In 1973, I used to visit someone who was seriously ill in a small-town hospital in Malaysia. My visits often used to coincide with those of the patient’s younger brother, who was about thirteen at that time.

One day, a prisoner from the local jail was brought into the ward and handcuffed to the bed he was to occupy. He was studiously avoided by the other patients and their visitors and consequently spent most of his time alone. I went over to speak with him, but the language-barrier did not allow much communication.

The younger brother of my patient must have been thinking about this because, after a few days, without any prompting from me, he went over to the prisoner, removed the chain with his Buddha-pendant from around his neck, and unspokenly offered it to him.

This action, performed without any idea of ‘merit’, touched the prisoner and brought tears to his eyes. Later on, after he had served his sentence and was released from jail, he went to visit his young benefactor and kept in touch with his family for quite a while; he had seen that someone—a complete stranger—cared about him, a criminal.

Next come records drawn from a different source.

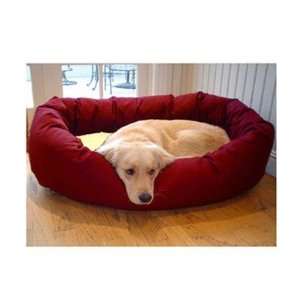 Bagel Dog Bed in Burgundy and Sherpa Size: X Large (36 x 52):  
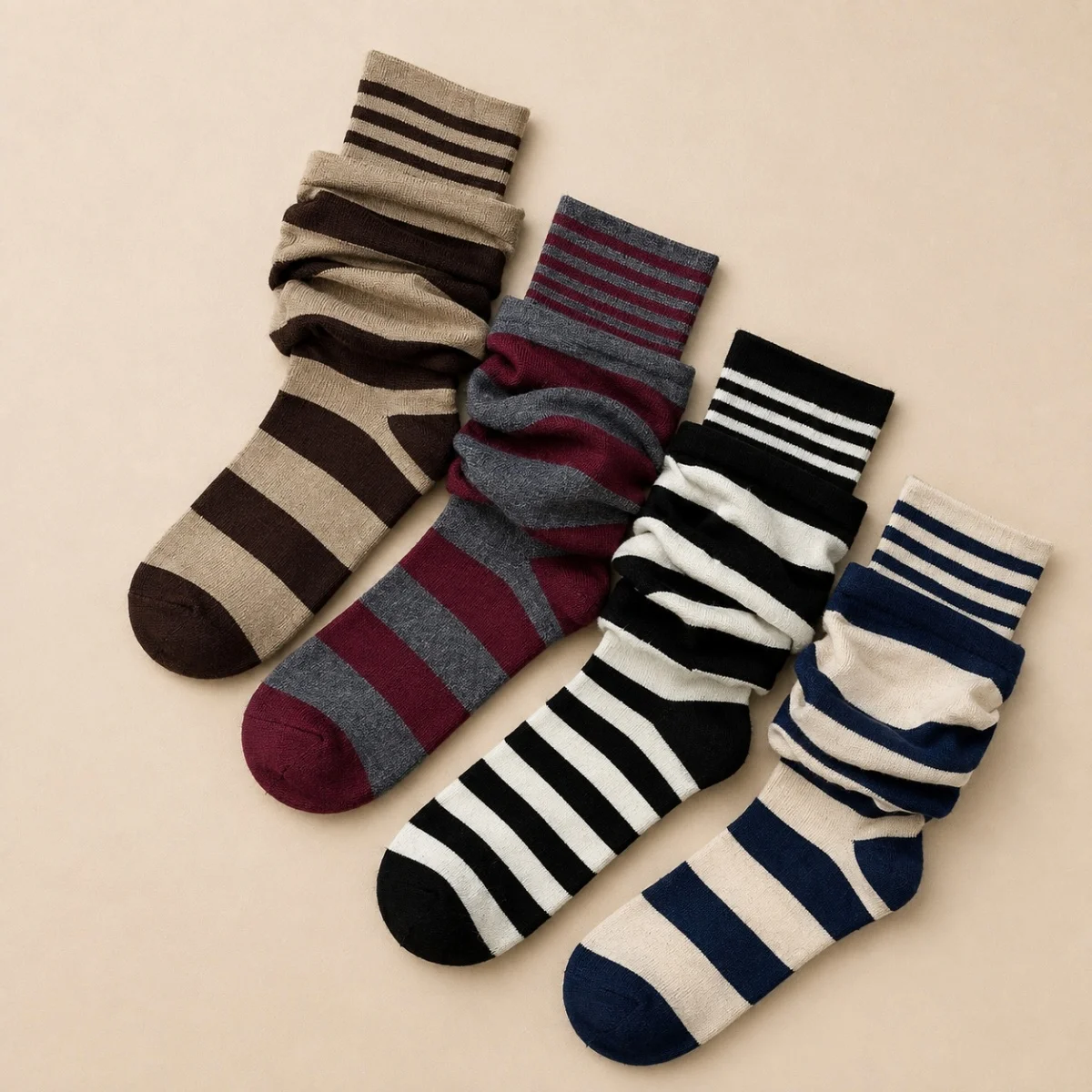 1 Pair of Black/Navy Blue/Khaki/Burgundy Women's Mid-Calf Socks, Striped, Breathable, Moisture-Wicking, Soft, Comfortable, Gentle, Elegant, Interesting, Versatile for Spring, Summer, Autumn, and Winter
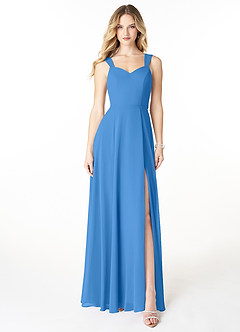 Azazie Julie Bridesmaid Dresses Blue Jay A-Line Sweetheart Neckline Chiffon Dress image1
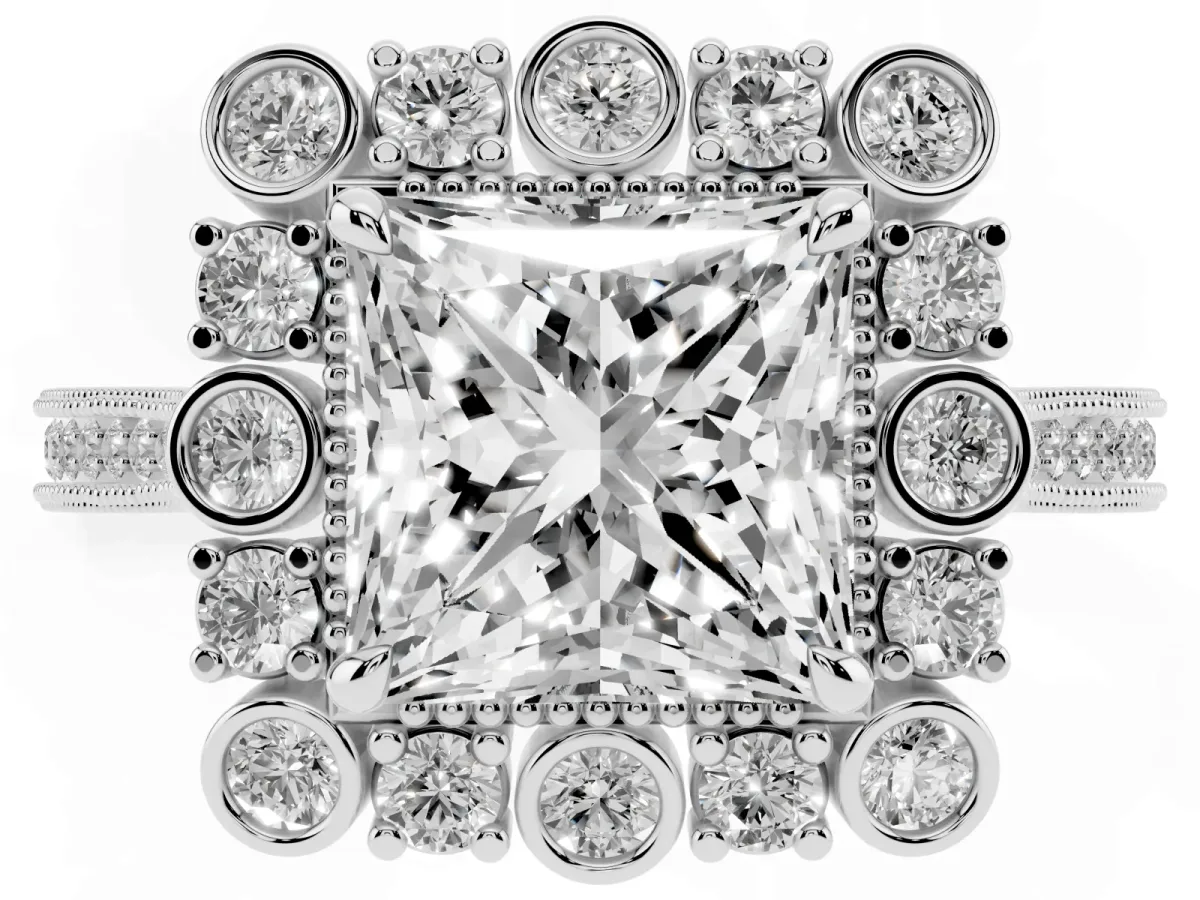 Princess Cut Halo Milgrain Pave Diamond Ring with Four-Prong Setting Silver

To give with love, with no other motive, is surely a real act of merit, regardless of who one gives to. But if our giving becomes calculative—that is, looking at the person to whom one is giving and considering if he is worthy of our gift or not, or wondering how productive of merit giving to someone might be—can there be merit therefrom? This is something to be pondered on. Merit, like enlightenment, comes from inside, not from outside.

Why should we always worry and crave for more when we have already got so much out of life? This is low thinking, and demonstrates lack of insight.

Somewhat the same idea might at first seem to be found in the words of Jesus: "Do not let your left hand know what your right hand is doing"; however, the full text of the Christian admonition changes the point of view, and we can see that there is still an aim in mind:

"Beware of practicing your piety before men in order to be seen by them, for then you will have no reward from your Father who is in heaven. Thus, when you give alms, sound no trumpet before you, as the hypocrites do in the synagogues and in the streets, that they may be praised by men. Truly, I say to you, they have their reward. But when you give alms, do not let your left hand know what your right hand is doing, so that your alms may be in secret, and your Father who sees in secret will reward you". (Matt 6:1-4).